A compensatory link between cleavage/polyadenylation and mRNA turnover regulates steady-state mRNA levels in yeast

Cells have compensatory mechanisms to coordinate the rates of major biological processes, thereby permitting growth in a wide variety of conditions. Here, we uncover a compensatory link between cleavage/polyadenylation in the nucleus and mRNA turnover in the cytoplasm. On a global basis, same-gene 3’ mRNA isoforms with > two-fold differences in half-lives have steady-state mRNA levels that differ by significantly less than a factor of two. In addition, increased efficiency of cleavage/polyadenylation at a specific site is associated with reduced stability of the corresponding 3’ mRNA isoform. This inverse relationship between cleavage/polyadenylation and mRNA isoform half-life reduces the variability in the steady-state levels of mRNA isoforms, and it occurs in all four growth conditions tested. These observations suggest that during cleavage/polyadenylation in the nucleus, mRNA isoforms are marked in a manner that persists upon translocation to the cytoplasm and affects the activity of mRNA degradation machinery, thus influencing mRNA stability. We have examined mRNA isoform stability by using 3' READS to measure mRNA 3' isoform levels after Rpb1 depletion in four different growth media.

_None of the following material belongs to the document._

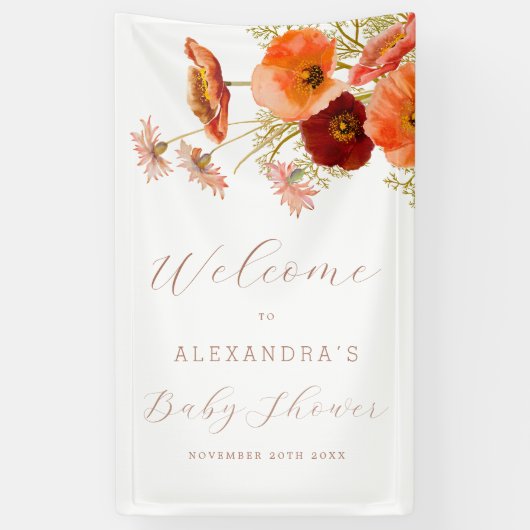 Boho Herfst Bloemen Gepersonaliseerd Baby shower W Spandoek (Verticaal)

细胞拥有补偿性调控机制，可协调各类主要生物学过程的反应速率，使其能够在多种环境条件下实现生长增殖。本研究揭示了细胞核内的剪切/多聚腺苷酸化（cleavage/polyadenylation）与细胞质内的mRNA周转（mRNA turnover）之间的补偿性关联。从全局转录组层面来看，同一基因的3'端mRNA异构体（3' mRNA isoforms）若半衰期差异超过2倍，则其稳态mRNA水平（steady-state mRNA levels）的差异将显著小于2倍。此外，特定位点处剪切/多聚腺苷酸化效率的提升，会与对应3'端mRNA异构体稳定性的降低呈显著负相关。这种剪切/多聚腺苷酸化与mRNA异构体半衰期之间的负相关关系，可降低mRNA异构体稳态水平的变异程度，且在本次检测的四种生长条件中均有发生。上述观测结果表明，在细胞核内进行剪切/多聚腺苷酸化的过程中，mRNA异构体被以特定方式标记，该标记在其转运（translocation）至细胞质后仍可保留，并会影响mRNA降解系统（mRNA degradation machinery）的活性，进而调控mRNA的稳定性。本研究通过3' READS技术，检测了四种不同生长培养基（growth media）中Rpb1敲降后的mRNA 3'端异构体水平，以此分析mRNA异构体的稳定性。